Guerre commerciale : un deal discret mais stratégique
Vincent Bezault : Dans ce contexte tendu, les États-Unis et la Chine ont tout de même conclu un accord autour des terres rares et des licences technologiques. Quel en est l’impact réel ?
Christian Parisot : Ce deal est effectivement passé presque inaperçu, mais il est fondamental. Il faut comprendre que Trump ne veut plus des terres rares chinoises, mais il ne peut pas encore s’en passer. Les États-Unis n’ont ni les mines, ni les infrastructures prêtes pour subvenir à leurs besoins. Ils ont donc passé un accord de court terme : la Chine fournit les terres rares, en échange de licences technologiques.
C’est un compromis tactique, où chacun achète du temps. La Chine, de son côté, ne veut plus dépendre des licences américaines. Elle veut développer ses propres technologies. Mais elle sait que cela demandera du temps, de l’investissement, et des profits. Encore une fois, tout revient à la rentabilité des entreprises.
Ce deal a une portée très concrète : des entreprises comme Siemens ont déjà obtenu de nouvelles licences pour vendre en Chine, tandis que les Américains ont relâché certaines restrictions sur les semi-conducteurs. Cela montre qu’un canal de discussion pragmatique existe encore, malgré la guerre commerciale. Et cela redonne un peu d’oxygène à certaines entreprises technologiques chinoises.
Bourse chinoise : entre attente et point d’entrée stratégique
Vincent Bezault : Faut-il s’exposer dès maintenant aux actions chinoises ? Ou attendre des signaux plus clairs de la part du gouvernement ?
Christian Parisot : Il y a déjà eu un rebond modéré sur les actions chinoises, et beaucoup d’investisseurs se demandent s’il faut prendre ses bénéfices ou poursuivre le mouvement. À mon avis, le marché reste en phase d’attente. Il digère. Il attend des nouvelles mesures concrètes. Mais la tendance est claire : la Bourse chinoise dépend entièrement de l’agenda politique de Pékin.
Et à ce stade, les dernières statistiques sur les profits industriels suggèrent que des annonces fortes arrivent.

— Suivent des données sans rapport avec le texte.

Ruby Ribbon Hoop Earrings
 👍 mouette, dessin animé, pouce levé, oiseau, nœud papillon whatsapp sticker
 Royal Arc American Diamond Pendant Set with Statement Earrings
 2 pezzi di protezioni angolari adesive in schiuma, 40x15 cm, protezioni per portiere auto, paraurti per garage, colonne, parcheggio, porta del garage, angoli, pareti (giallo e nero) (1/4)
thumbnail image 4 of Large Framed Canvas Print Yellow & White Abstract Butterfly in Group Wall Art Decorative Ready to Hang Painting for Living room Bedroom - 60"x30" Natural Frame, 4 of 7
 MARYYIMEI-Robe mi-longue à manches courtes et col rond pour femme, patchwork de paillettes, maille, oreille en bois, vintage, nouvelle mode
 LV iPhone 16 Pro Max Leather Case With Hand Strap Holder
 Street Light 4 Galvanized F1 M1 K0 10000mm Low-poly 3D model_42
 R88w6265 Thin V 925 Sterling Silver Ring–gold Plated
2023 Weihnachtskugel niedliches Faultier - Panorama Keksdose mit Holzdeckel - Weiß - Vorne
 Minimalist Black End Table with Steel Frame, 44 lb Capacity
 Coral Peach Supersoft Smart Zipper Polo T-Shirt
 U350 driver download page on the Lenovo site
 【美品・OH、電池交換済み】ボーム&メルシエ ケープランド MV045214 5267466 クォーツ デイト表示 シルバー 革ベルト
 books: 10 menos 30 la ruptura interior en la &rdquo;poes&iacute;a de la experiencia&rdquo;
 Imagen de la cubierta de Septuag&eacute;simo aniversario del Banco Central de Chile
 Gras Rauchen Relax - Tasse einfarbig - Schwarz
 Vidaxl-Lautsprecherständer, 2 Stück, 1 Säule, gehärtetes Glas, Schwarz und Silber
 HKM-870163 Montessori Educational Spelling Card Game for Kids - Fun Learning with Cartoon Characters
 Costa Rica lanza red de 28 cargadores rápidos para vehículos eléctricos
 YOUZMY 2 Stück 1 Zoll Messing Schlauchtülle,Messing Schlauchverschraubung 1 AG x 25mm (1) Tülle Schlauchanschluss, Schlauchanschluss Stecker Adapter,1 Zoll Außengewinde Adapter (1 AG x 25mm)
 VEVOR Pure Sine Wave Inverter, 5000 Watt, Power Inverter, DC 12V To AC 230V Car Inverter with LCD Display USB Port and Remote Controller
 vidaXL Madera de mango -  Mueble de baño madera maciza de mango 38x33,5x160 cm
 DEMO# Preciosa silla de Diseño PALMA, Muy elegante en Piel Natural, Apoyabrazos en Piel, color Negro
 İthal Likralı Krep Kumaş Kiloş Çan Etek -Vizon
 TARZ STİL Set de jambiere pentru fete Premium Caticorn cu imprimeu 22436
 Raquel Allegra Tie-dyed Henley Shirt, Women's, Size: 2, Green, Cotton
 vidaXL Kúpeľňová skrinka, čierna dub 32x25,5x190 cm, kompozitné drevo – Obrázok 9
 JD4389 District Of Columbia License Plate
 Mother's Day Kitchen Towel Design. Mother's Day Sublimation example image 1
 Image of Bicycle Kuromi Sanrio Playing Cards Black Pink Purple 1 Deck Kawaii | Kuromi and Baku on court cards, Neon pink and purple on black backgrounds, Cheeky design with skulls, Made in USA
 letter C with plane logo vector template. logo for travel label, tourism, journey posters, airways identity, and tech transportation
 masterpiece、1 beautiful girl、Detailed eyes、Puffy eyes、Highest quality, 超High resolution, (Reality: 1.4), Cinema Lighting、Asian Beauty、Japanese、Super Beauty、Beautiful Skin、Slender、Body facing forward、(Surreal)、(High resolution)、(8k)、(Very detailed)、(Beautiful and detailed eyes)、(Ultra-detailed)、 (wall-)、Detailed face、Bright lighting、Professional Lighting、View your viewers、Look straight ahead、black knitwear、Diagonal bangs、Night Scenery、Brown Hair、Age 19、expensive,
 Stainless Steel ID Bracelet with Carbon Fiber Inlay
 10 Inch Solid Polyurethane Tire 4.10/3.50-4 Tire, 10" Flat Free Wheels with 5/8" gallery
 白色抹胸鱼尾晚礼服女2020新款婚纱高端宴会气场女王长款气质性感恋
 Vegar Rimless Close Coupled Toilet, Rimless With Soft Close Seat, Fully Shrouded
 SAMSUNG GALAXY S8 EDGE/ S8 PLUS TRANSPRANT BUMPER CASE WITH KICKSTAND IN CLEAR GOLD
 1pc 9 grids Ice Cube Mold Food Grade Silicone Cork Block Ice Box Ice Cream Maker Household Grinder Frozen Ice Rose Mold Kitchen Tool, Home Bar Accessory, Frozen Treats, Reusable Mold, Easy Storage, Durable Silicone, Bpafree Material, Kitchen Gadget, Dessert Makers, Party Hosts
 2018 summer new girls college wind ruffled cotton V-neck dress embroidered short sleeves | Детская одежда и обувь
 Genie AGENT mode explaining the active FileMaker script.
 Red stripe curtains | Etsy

C’est donc le moment de se positionner en amont, avant que les marchés ne l’intègrent totalement. C’est un pari, certes, mais un pari fondé sur des signaux avancés.
Bourse chinoise : quel secteur viser ? Le pari technologique chinois
Vincent Bezault : Quels sont les secteurs les plus prometteurs pour profiter de ce rebond attendu ?
Christian Parisot : Le secteur technologique est le plus intéressant à mon sens. Il est encore très décoté du fait des tensions géopolitiques. Mais si l’on considère que :
Le deal avec les États-Unis a desserré temporairement l’étau,
Le gouvernement chinois va renforcer son soutien,
Les entreprises technologiques chinoises disposent de capacités d’innovation réelles,
… alors ce secteur peut surperformer nettement.
Il ne faut pas oublier que les Américains savent que les Chinois peuvent développer leurs propres alternatives, mais que cela prend du temps. Le deal technologique discret qui s’est mis en place consiste à ralentir l’affrontement frontal, le temps que chacun se réorganise. Cela crée une fenêtre d’opportunité pour les investisseurs.
La Synthèse de Vincent
Si l’on devait résumer, on dirait que la guerre commerciale a des effets désinflationnistes dans le monde, et sans doute déflationnistes en Chine. Le gouvernement chinois est conscient de l’enjeu, et s’il devait intervenir, ce serait parce que les profits industriels sont en danger, et non pour des raisons sociales ou électorales.
Christian Parisot : Absolument. Les profits industriels, dans l’esprit de Pékin, sont la clé de tout : ils financent la recherche, permettent la montée en gamme, soutiennent la compétitivité et garantissent l’autonomie technologique du pays. Si cet indicateur se dégrade, le gouvernement interviendra, et avec force. C’est là qu’il faut être attentif. Et c’est ce qui peut relancer la dynamique boursière, en particulier dans la tech chinoise, aujourd’hui très en retard en termes de valorisation.